══ Given records ══

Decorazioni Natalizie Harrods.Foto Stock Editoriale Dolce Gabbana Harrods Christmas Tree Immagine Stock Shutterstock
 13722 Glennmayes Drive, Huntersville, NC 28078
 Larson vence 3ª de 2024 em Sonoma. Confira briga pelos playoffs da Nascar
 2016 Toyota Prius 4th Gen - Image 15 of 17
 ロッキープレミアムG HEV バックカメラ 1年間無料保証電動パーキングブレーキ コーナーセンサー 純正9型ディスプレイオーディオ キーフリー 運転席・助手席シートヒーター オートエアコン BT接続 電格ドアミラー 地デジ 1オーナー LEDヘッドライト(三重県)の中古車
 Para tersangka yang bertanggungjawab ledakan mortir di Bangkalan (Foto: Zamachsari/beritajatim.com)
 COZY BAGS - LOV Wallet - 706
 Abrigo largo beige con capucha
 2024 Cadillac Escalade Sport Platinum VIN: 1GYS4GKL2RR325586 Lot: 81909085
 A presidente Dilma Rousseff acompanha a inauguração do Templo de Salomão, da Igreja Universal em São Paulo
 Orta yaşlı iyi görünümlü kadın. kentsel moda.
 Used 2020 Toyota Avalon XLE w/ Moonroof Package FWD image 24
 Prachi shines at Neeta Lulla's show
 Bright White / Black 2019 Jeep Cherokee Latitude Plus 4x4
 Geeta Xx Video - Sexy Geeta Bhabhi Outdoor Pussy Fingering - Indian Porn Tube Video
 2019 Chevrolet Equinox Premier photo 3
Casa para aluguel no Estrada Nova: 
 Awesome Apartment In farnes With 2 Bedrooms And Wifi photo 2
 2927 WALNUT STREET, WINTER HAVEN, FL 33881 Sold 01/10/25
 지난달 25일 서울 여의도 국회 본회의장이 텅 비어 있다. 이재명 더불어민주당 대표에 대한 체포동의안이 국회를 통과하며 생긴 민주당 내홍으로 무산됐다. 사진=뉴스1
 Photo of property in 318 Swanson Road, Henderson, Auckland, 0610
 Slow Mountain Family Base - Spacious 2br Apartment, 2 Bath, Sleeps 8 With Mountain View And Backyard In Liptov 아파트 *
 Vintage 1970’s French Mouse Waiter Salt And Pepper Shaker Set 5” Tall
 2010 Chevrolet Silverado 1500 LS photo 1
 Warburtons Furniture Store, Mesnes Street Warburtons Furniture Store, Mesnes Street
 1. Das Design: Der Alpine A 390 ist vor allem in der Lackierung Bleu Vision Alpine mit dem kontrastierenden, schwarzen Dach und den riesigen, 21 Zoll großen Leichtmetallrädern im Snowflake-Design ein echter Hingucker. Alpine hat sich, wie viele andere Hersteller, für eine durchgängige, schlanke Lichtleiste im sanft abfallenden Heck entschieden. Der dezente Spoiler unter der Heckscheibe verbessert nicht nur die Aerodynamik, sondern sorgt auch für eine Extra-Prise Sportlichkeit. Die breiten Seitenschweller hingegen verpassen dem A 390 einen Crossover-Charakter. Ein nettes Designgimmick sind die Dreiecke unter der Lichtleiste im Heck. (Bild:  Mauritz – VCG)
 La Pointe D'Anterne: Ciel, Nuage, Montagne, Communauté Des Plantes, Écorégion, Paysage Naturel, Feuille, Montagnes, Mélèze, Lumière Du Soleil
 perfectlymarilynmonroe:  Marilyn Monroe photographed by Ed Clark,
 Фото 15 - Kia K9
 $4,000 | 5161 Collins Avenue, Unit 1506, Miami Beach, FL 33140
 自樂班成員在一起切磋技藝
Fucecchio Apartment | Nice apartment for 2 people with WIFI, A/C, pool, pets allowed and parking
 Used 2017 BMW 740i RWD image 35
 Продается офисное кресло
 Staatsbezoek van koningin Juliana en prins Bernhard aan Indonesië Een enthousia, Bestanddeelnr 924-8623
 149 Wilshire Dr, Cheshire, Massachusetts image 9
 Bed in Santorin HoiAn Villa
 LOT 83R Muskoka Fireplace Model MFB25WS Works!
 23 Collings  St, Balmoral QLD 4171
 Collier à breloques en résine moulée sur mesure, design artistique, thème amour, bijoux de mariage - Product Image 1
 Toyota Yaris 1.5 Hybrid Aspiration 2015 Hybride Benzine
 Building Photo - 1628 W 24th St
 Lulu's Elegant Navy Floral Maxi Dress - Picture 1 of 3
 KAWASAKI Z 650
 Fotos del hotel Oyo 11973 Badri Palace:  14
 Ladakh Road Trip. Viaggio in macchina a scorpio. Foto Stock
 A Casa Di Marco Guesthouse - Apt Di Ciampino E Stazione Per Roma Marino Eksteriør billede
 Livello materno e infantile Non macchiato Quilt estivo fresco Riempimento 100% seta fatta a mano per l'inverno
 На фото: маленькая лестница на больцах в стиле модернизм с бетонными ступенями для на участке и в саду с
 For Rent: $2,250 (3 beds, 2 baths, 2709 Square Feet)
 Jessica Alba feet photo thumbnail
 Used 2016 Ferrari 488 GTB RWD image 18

═══

» **Description of the task**:
The reply must contain each line of the material, reproduced faithfully.

» **Output for this task**:
Decorazioni Natalizie Harrods.Foto Stock Editoriale Dolce Gabbana Harrods Christmas Tree Immagine Stock Shutterstock
 13722 Glennmayes Drive, Huntersville, NC 28078
 Larson vence 3ª de 2024 em Sonoma. Confira briga pelos playoffs da Nascar
 2016 Toyota Prius 4th Gen - Image 15 of 17
 ロッキープレミアムG HEV バックカメラ 1年間無料保証電動パーキングブレーキ コーナーセンサー 純正9型ディスプレイオーディオ キーフリー 運転席・助手席シートヒーター オートエアコン BT接続 電格ドアミラー 地デジ 1オーナー LEDヘッドライト(三重県)の中古車
 Para tersangka yang bertanggungjawab ledakan mortir di Bangkalan (Foto: Zamachsari/beritajatim.com)
 COZY BAGS - LOV Wallet - 706
 Abrigo largo beige con capucha
 2024 Cadillac Escalade Sport Platinum VIN: 1GYS4GKL2RR325586 Lot: 81909085
 A presidente Dilma Rousseff acompanha a inauguração do Templo de Salomão, da Igreja Universal em São Paulo
 Orta yaşlı iyi görünümlü kadın. kentsel moda.
 Used 2020 Toyota Avalon XLE w/ Moonroof Package FWD image 24
 Prachi shines at Neeta Lulla's show
 Bright White / Black 2019 Jeep Cherokee Latitude Plus 4x4
 Geeta Xx Video - Sexy Geeta Bhabhi Outdoor Pussy Fingering - Indian Porn Tube Video
 2019 Chevrolet Equinox Premier photo 3
Casa para aluguel no Estrada Nova: 
 Awesome Apartment In farnes With 2 Bedrooms And Wifi photo 2
 2927 WALNUT STREET, WINTER HAVEN, FL 33881 Sold 01/10/25
 지난달 25일 서울 여의도 국회 본회의장이 텅 비어 있다. 이재명 더불어민주당 대표에 대한 체포동의안이 국회를 통과하며 생긴 민주당 내홍으로 무산됐다. 사진=뉴스1
 Photo of property in 318 Swanson Road, Henderson, Auckland, 0610
 Slow Mountain Family Base - Spacious 2br Apartment, 2 Bath, Sleeps 8 With Mountain View And Backyard In Liptov 아파트 *
 Vintage 1970’s French Mouse Waiter Salt And Pepper Shaker Set 5” Tall
 2010 Chevrolet Silverado 1500 LS photo 1
 Warburtons Furniture Store, Mesnes Street Warburtons Furniture Store, Mesnes Street
 1. Das Design: Der Alpine A 390 ist vor allem in der Lackierung Bleu Vision Alpine mit dem kontrastierenden, schwarzen Dach und den riesigen, 21 Zoll großen Leichtmetallrädern im Snowflake-Design ein echter Hingucker. Alpine hat sich, wie viele andere Hersteller, für eine durchgängige, schlanke Lichtleiste im sanft abfallenden Heck entschieden. Der dezente Spoiler unter der Heckscheibe verbessert nicht nur die Aerodynamik, sondern sorgt auch für eine Extra-Prise Sportlichkeit. Die breiten Seitenschweller hingegen verpassen dem A 390 einen Crossover-Charakter. Ein nettes Designgimmick sind die Dreiecke unter der Lichtleiste im Heck. (Bild:  Mauritz – VCG)
 La Pointe D'Anterne: Ciel, Nuage, Montagne, Communauté Des Plantes, Écorégion, Paysage Naturel, Feuille, Montagnes, Mélèze, Lumière Du Soleil
 perfectlymarilynmonroe:  Marilyn Monroe photographed by Ed Clark,
 Фото 15 - Kia K9
 $4,000 | 5161 Collins Avenue, Unit 1506, Miami Beach, FL 33140
 自樂班成員在一起切磋技藝
Fucecchio Apartment | Nice apartment for 2 people with WIFI, A/C, pool, pets allowed and parking
 Used 2017 BMW 740i RWD image 35
 Продается офисное кресло
 Staatsbezoek van koningin Juliana en prins Bernhard aan Indonesië Een enthousia, Bestanddeelnr 924-8623
 149 Wilshire Dr, Cheshire, Massachusetts image 9
 Bed in Santorin HoiAn Villa
 LOT 83R Muskoka Fireplace Model MFB25WS Works!
 23 Collings  St, Balmoral QLD 4171
 Collier à breloques en résine moulée sur mesure, design artistique, thème amour, bijoux de mariage - Product Image 1
 Toyota Yaris 1.5 Hybrid Aspiration 2015 Hybride Benzine
 Building Photo - 1628 W 24th St
 Lulu's Elegant Navy Floral Maxi Dress - Picture 1 of 3
 KAWASAKI Z 650
 Fotos del hotel Oyo 11973 Badri Palace:  14
 Ladakh Road Trip. Viaggio in macchina a scorpio. Foto Stock
 A Casa Di Marco Guesthouse - Apt Di Ciampino E Stazione Per Roma Marino Eksteriør billede
 Livello materno e infantile Non macchiato Quilt estivo fresco Riempimento 100% seta fatta a mano per l'inverno
 На фото: маленькая лестница на больцах в стиле модернизм с бетонными ступенями для на участке и в саду с
 For Rent: $2,250 (3 beds, 2 baths, 2709 Square Feet)
 Jessica Alba feet photo thumbnail
 Used 2016 Ferrari 488 GTB RWD image 18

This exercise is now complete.